Section 14 of the CSIS Act empowers CSIS to collect information on security or criminal behaviour that is relevant to any obligation or function under the Immigration and Refugee Protection Act (IRPA). Section 15 of the CSIS Act empowers CSIS to conduct such investigations in order to provide security assessments. These parts, when combined, enable CSIS to perform security screenings on all applicants seeking entry to Canada through Immigration, Refugees, and Citizenship Canada (IRCC).

Section 34 of the CSIS Act addresses security-based inadmissibility. According to the section, a permanent resident or a foreign national is inadmissible to Canada for the following reasons:

  • engaging in espionage against Canada or against Canada’s interests;
  • acting in or encouraging the subversion of any government by force;
  • engaging in an act of subversion against a democratic government, institution, or process as they are understood in Canada; terrorism; being a danger to Canada’s security;
  • engaging in acts of violence that would or might endanger the lives or safety of persons in Canada;
  • being a member of an organization that there are reasonable grounds to believe engages, has engaged in, or will engage in the aforementioned acts.

Essentially, security screenings are conducted to discover applicants who are or have been involved in espionage, subversion, terrorism or who would pose serious danger to Canadian society.

Canada Border Services Agency (CBSA)

The CBSA is in charge of providing integrated border services in support of national security and public safety priorities. Their duties include holding individuals who may constitute a threat to Canada, removing individuals who are inadmissible to Canada, and investigating individuals who breach the IRPA or are suspected criminals.

The CBSA also assesses visitors, immigrants, and refugees attempting to enter Canada. Anyone over the age of 18 who applies for immigration or claims refugee status is subject to a background check by the CBSA.

Immigration, Refugees and Citizenship Canada (IRCC)

To carry out their screening procedure, IRCC collaborates closely with these other government agencies. IRCC collaborates with CSIS and CBSA, which have access to international databases, to enforce IRPA regulations and evaluate immigration admissibility.

CSIS and CBSA do not make immigration decisions.
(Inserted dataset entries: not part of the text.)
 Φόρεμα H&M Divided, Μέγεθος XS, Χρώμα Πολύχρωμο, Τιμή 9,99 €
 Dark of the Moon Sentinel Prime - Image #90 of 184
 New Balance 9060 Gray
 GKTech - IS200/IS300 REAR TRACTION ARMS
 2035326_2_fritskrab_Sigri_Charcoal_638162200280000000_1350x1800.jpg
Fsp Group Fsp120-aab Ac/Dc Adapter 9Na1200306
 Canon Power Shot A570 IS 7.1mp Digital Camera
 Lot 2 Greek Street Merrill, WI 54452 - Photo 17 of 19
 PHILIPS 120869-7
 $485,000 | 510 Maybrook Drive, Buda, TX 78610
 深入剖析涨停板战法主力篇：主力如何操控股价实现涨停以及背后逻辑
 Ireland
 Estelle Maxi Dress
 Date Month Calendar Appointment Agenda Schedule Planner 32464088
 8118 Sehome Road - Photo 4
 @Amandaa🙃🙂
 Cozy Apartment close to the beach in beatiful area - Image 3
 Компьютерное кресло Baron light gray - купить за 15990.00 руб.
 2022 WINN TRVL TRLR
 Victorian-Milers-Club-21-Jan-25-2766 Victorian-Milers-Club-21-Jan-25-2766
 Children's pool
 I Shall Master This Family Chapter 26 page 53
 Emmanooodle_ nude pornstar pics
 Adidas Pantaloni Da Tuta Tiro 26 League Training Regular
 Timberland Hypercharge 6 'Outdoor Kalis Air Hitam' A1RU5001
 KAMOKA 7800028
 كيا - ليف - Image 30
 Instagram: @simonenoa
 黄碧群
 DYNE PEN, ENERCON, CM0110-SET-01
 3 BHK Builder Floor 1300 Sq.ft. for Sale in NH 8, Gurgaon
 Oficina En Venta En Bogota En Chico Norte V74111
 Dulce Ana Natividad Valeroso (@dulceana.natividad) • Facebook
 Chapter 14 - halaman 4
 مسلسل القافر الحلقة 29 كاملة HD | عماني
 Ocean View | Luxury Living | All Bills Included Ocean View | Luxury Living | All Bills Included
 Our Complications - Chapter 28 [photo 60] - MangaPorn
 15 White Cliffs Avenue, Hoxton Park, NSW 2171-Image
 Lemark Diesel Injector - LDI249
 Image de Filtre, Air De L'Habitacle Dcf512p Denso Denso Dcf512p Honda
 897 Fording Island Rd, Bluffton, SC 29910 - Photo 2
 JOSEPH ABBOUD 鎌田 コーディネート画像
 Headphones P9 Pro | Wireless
Instead, their security evaluation is sent to IRCC, which analyses CSIS’s findings independently and makes the ultimate judgement on an application.


What do you need to provide for the screening process?

The candidate will be required to provide information and documents for the security and background clearance checks, which will include:

  • biometrics, i.e. your fingerprints and a recent photo;
  • results of a medical exam and health history;
  • a valid passport; and
  • a police clearance certificate.

As an applicant, you will most likely be required to submit a Police Clearance certificate. The certificate must be obtained from the country of your current residence and from each country in which you have resided for more than six months since your 18th birthday.

It is vital to highlight that there is a clear contrast between the Police Certificate, which you must receive, and the security clearance, which you are not needed to obtain.